## ASSIGNED TASK
Below are records to return verbatim; the pictures are to be dropped.

*** Block opens ***

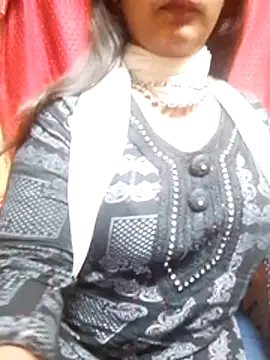 Babe Doll04 online show from November 3, 2025, 11:44 am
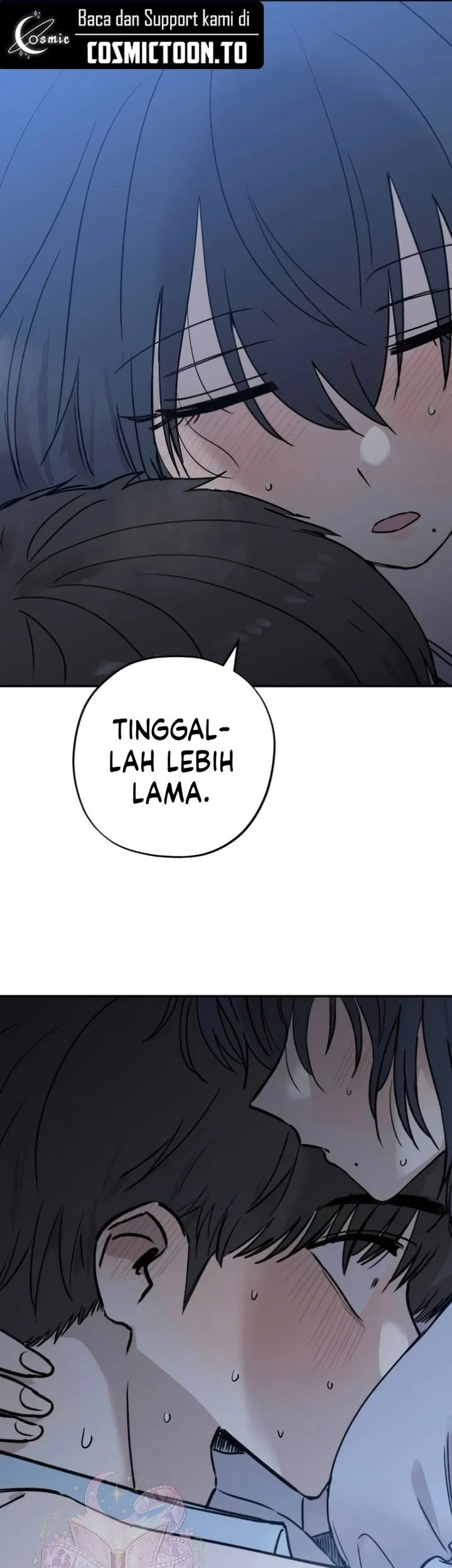 Chapter 18 - halaman 71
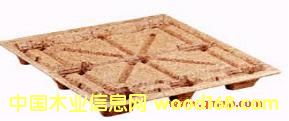 c鿴ģбPŴDƬ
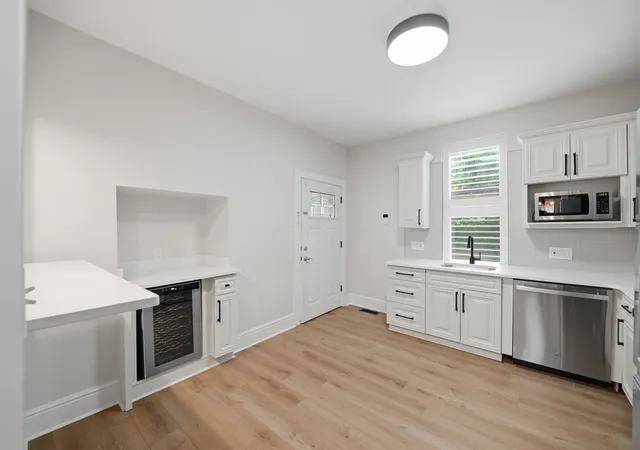 5th image of 357 Lehigh Ave, Shadyside, PA 15232 | MLS# 1753362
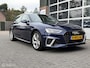 Audi A4 Avant 35TFSI S-line|Wegklapbare Trekhaak|Carplay|Elect Achterklep. Audi A4 Avant 35 TFSI S-line|Wegklapbare Trekhaak|Carplay|Elect Achterklep.
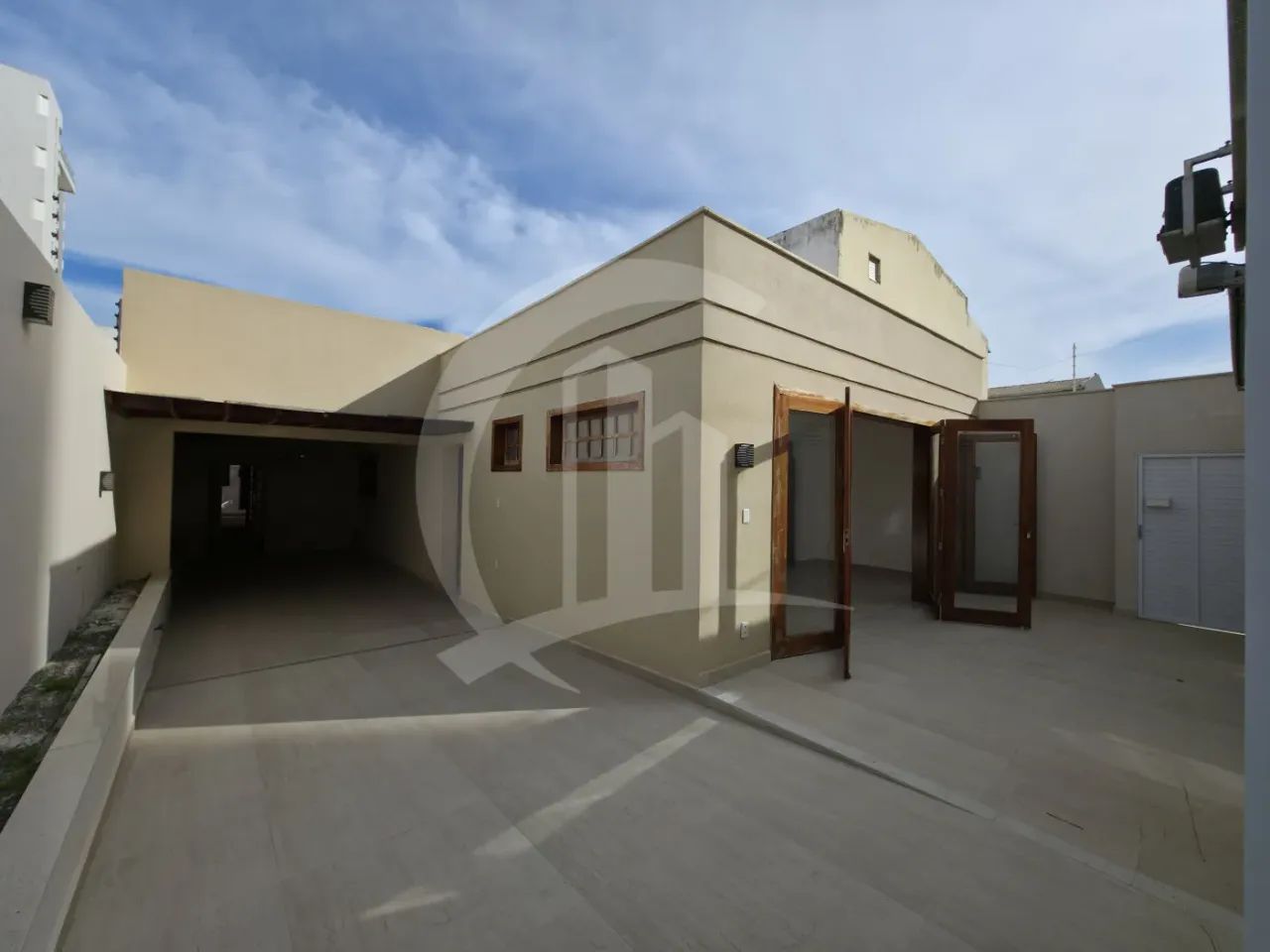 Casa na Atalaia - Conforto, Espaço e Excelente Localização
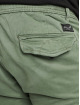 Reell Jeans Cargo Reflex Easy olive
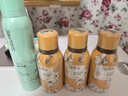 Spes诗裴丝干发喷雾蓬松高颅顶空气感免洗持久控油80ml*3+150ml 实拍图
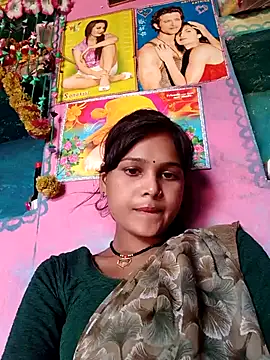 Sapna kohli online show from September 10, 5:07 am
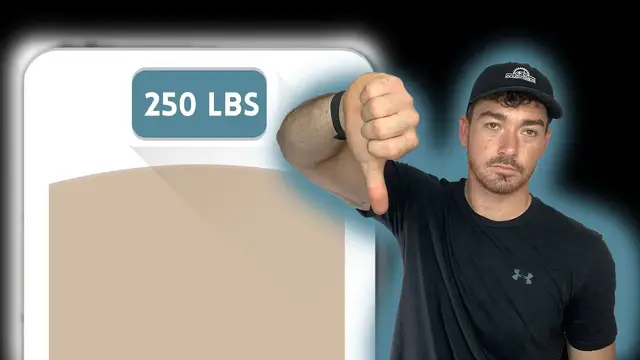 Video thumbnail for HEAVY BMX RIDERS - Tips for Buying a BMX Bike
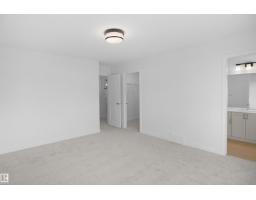 7385 Keeler Cr Sw, Edmonton, AB T6W5Z3 Photo 20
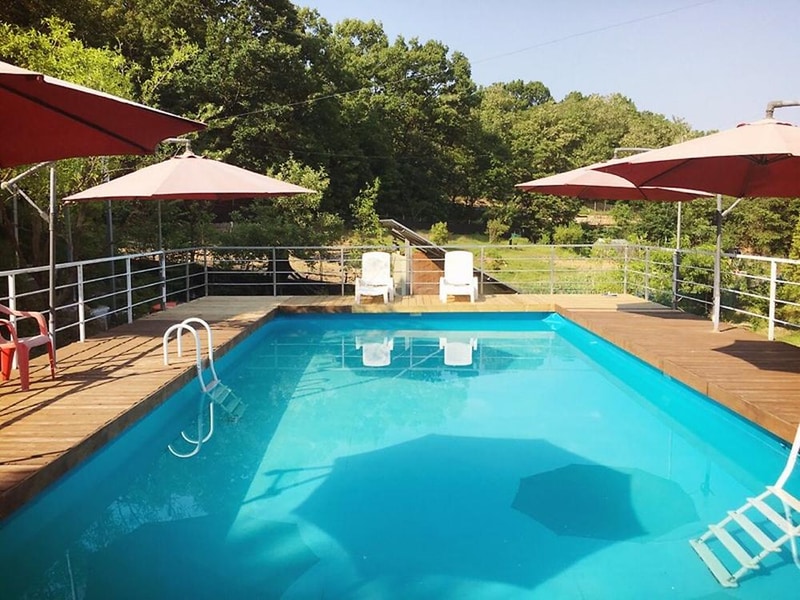 선녀와나무꾼 시설 사진 15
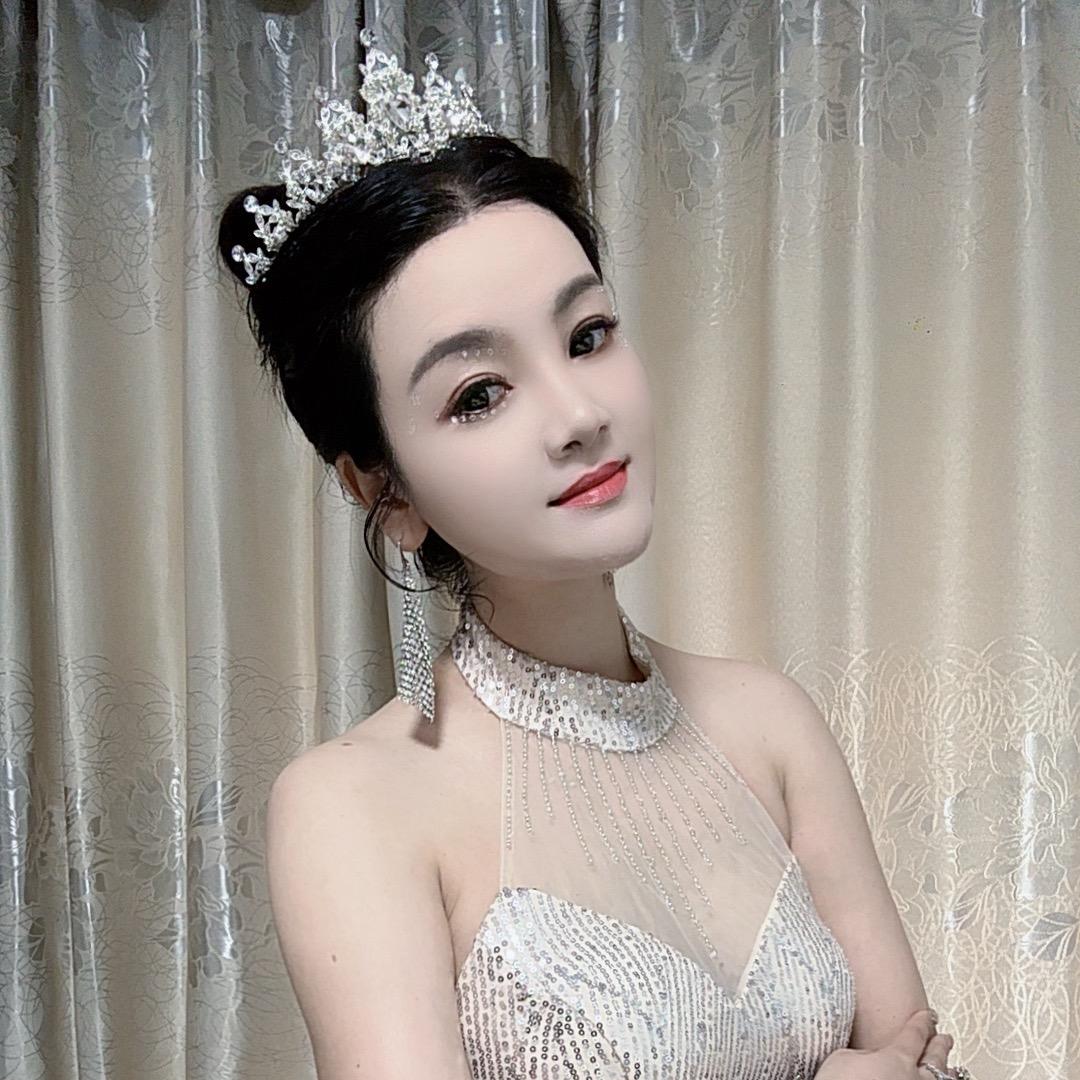 金金💍（浙江）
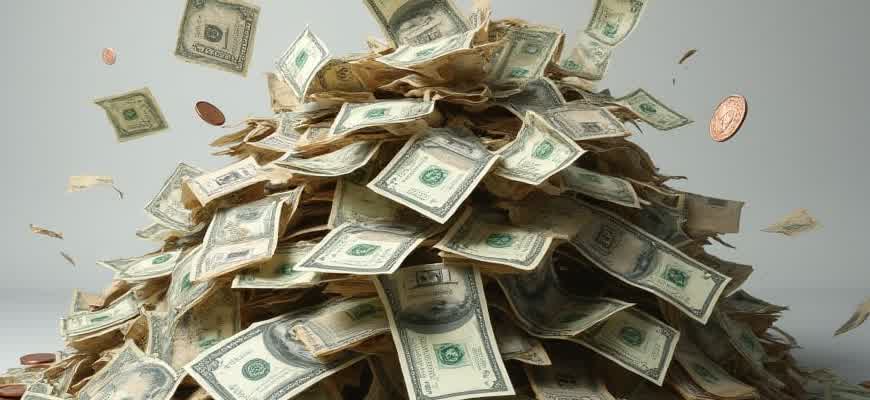 Facebook Ads Income Targeting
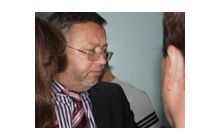 Что означает демарш Савченко?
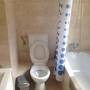 Горящие туры в отель Peter&Zana Apartments  - 2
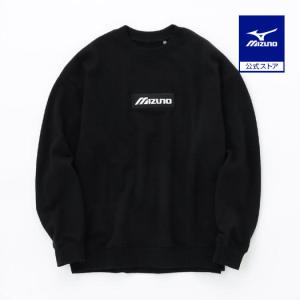 【値下げ】NEW VINTAGE GOLF オリジナル スウェット FRUIT OF THE LOOM×NEW VINTAGE GOLF］プリントクルースウェット – FUNQTEN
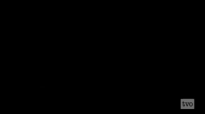 Psychology of Redemption in Christianity.mp4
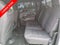 2025 RAM 1500 Big Horn Crew Cab 4x2 5'7' Box
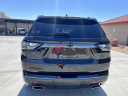 Thumbnail image of 2019 Chevrolet Traverse at Arizona Elite Auto Sales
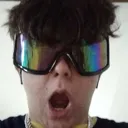 Emoji emoji_3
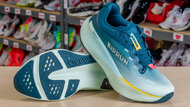 Kiprun Kipride Max Review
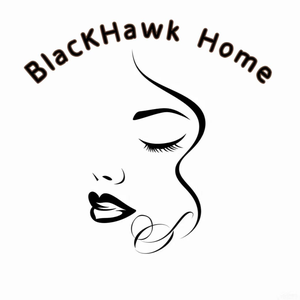 BlackHawk Home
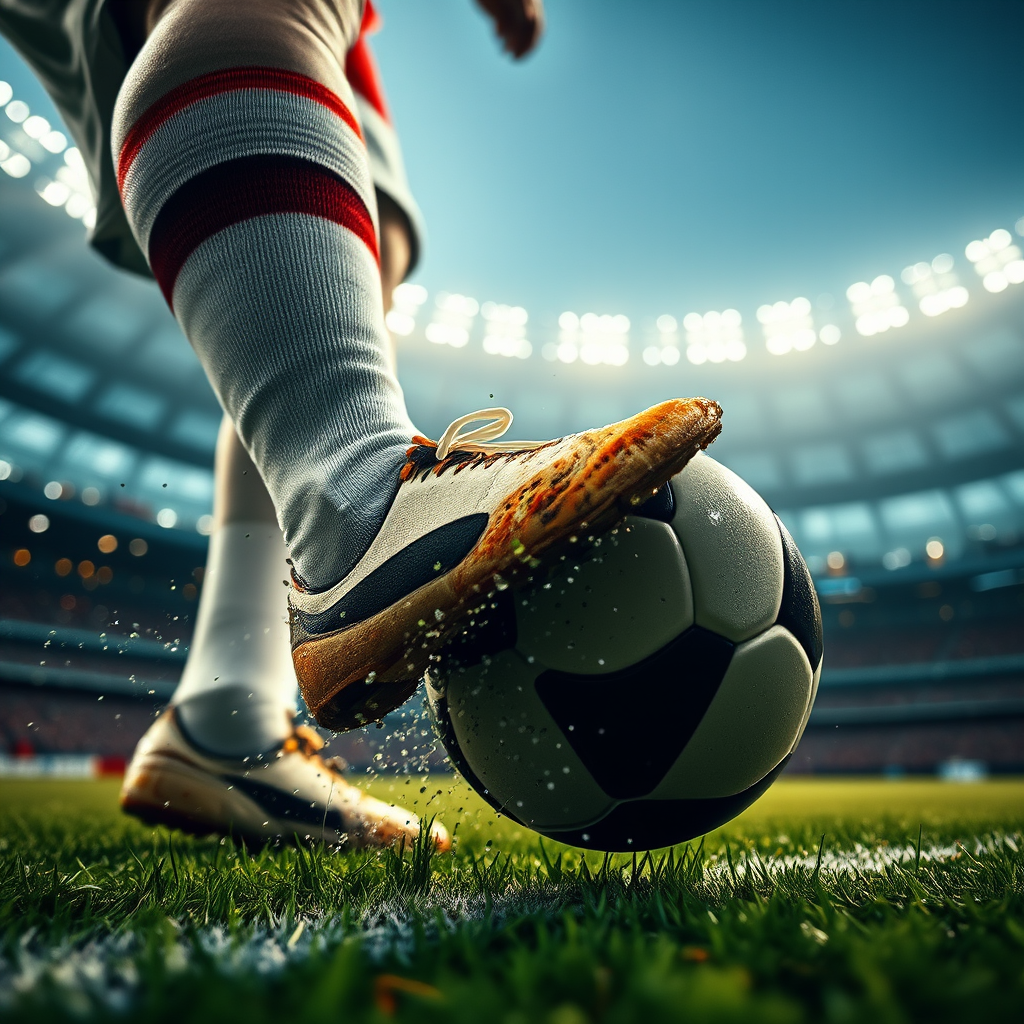 Chung kết World Cup Anh cập nhật: Kịch tính và bất ngờ đến phút cuối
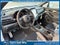 2026 Subaru WRX Base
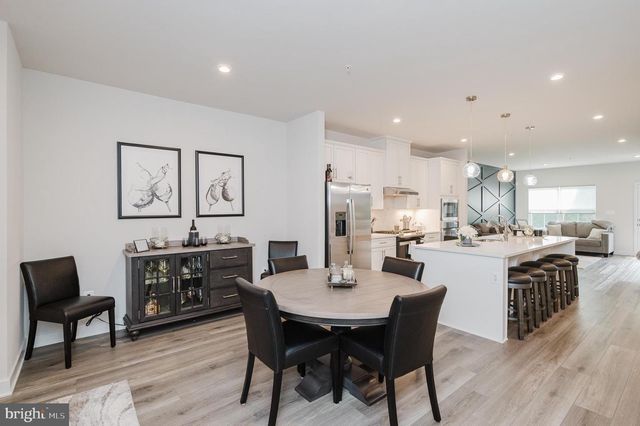 2754 QUICKSILVER WAY, Bel Air, MD 21015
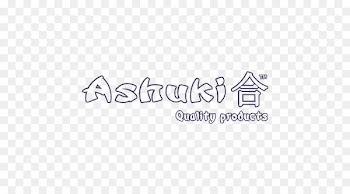 Jonas Birger Arquitetura Logo Architecture Font - bak banner 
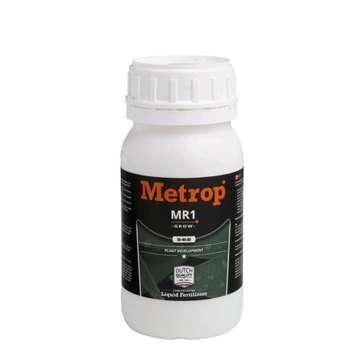 metrop-mr1-250ml-growisland-growshop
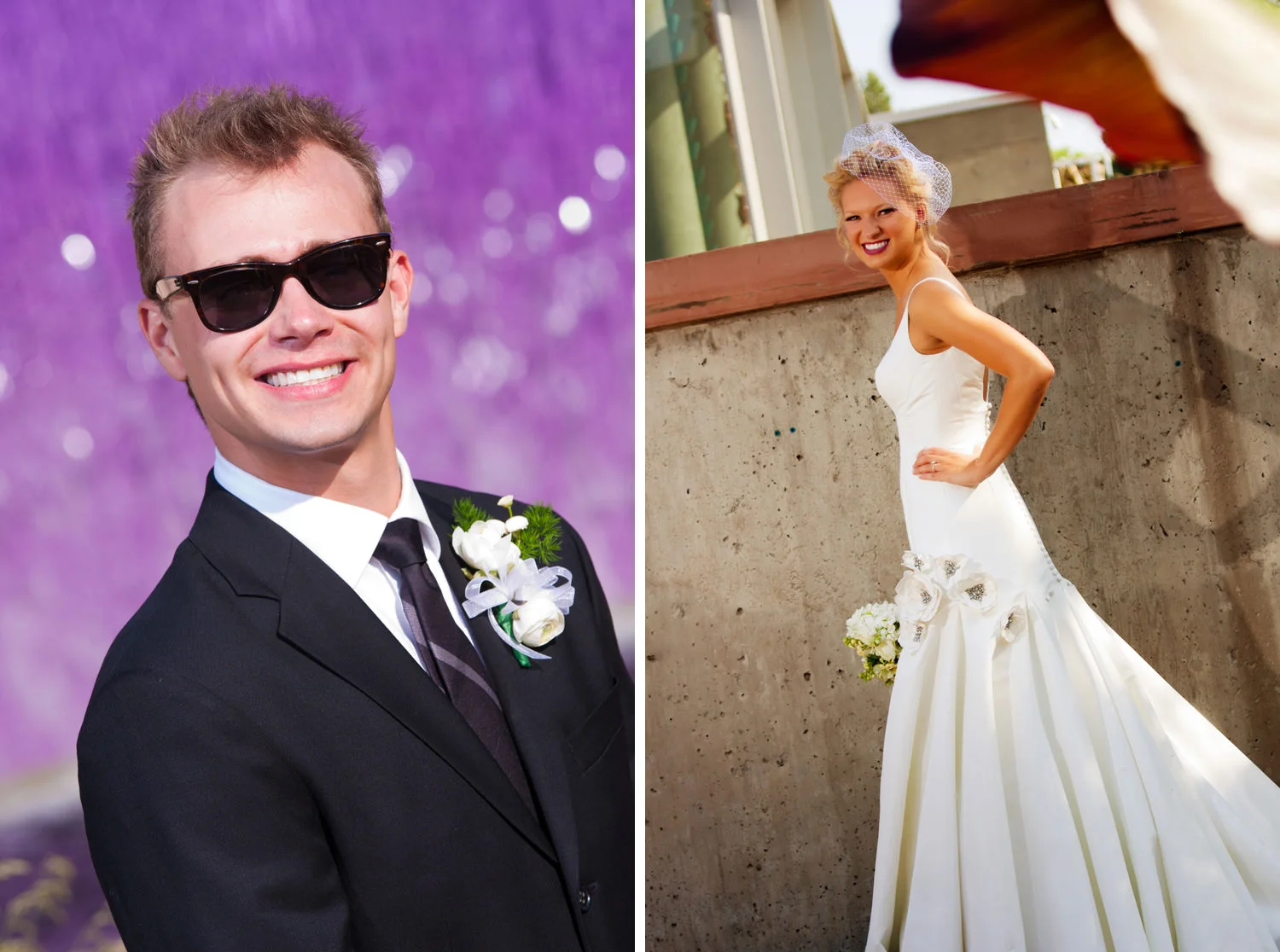 denver-botanic-gardens-wedding-tomKphoto-032.jpg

*** Block closes ***

## ANSWER TO THE EXERCISE
 Babe Doll04 online show from November 3, 2025, 11:44 am
 Chapter 18 - halaman 71
 c鿴ģбPŴDƬ
 5th image of 357 Lehigh Ave, Shadyside, PA 15232 | MLS# 1753362
 Audi A4 Avant 35TFSI S-line|Wegklapbare Trekhaak|Carplay|Elect Achterklep. Audi A4 Avant 35 TFSI S-line|Wegklapbare Trekhaak|Carplay|Elect Achterklep.
 Casa na Atalaia - Conforto, Espaço e Excelente Localização
 Reell Jeans Cargo Reflex Easy olive
 Spes诗裴丝干发喷雾蓬松高颅顶空气感免洗持久控油80ml*3+150ml 实拍图
 Sapna kohli online show from September 10, 5:07 am
 Video thumbnail for HEAVY BMX RIDERS - Tips for Buying a BMX Bike
 7385 Keeler Cr Sw, Edmonton, AB T6W5Z3 Photo 20
 선녀와나무꾼 시설 사진 15
 金金💍（浙江）
 Facebook Ads Income Targeting
 Что означает демарш Савченко?
 Горящие туры в отель Peter&Zana Apartments  - 2
 【値下げ】NEW VINTAGE GOLF オリジナル スウェット FRUIT OF THE LOOM×NEW VINTAGE GOLF］プリントクルースウェット – FUNQTEN
 Psychology of Redemption in Christianity.mp4
 2025 RAM 1500 Big Horn Crew Cab 4x2 5'7' Box
 Thumbnail image of 2019 Chevrolet Traverse at Arizona Elite Auto Sales
 Emoji emoji_3
 Kiprun Kipride Max Review
 BlackHawk Home
 Chung kết World Cup Anh cập nhật: Kịch tính và bất ngờ đến phút cuối
 2026 Subaru WRX Base
 2754 QUICKSILVER WAY, Bel Air, MD 21015
 Jonas Birger Arquitetura Logo Architecture Font - bak banner 
 metrop-mr1-250ml-growisland-growshop
 denver-botanic-gardens-wedding-tomKphoto-032.jpg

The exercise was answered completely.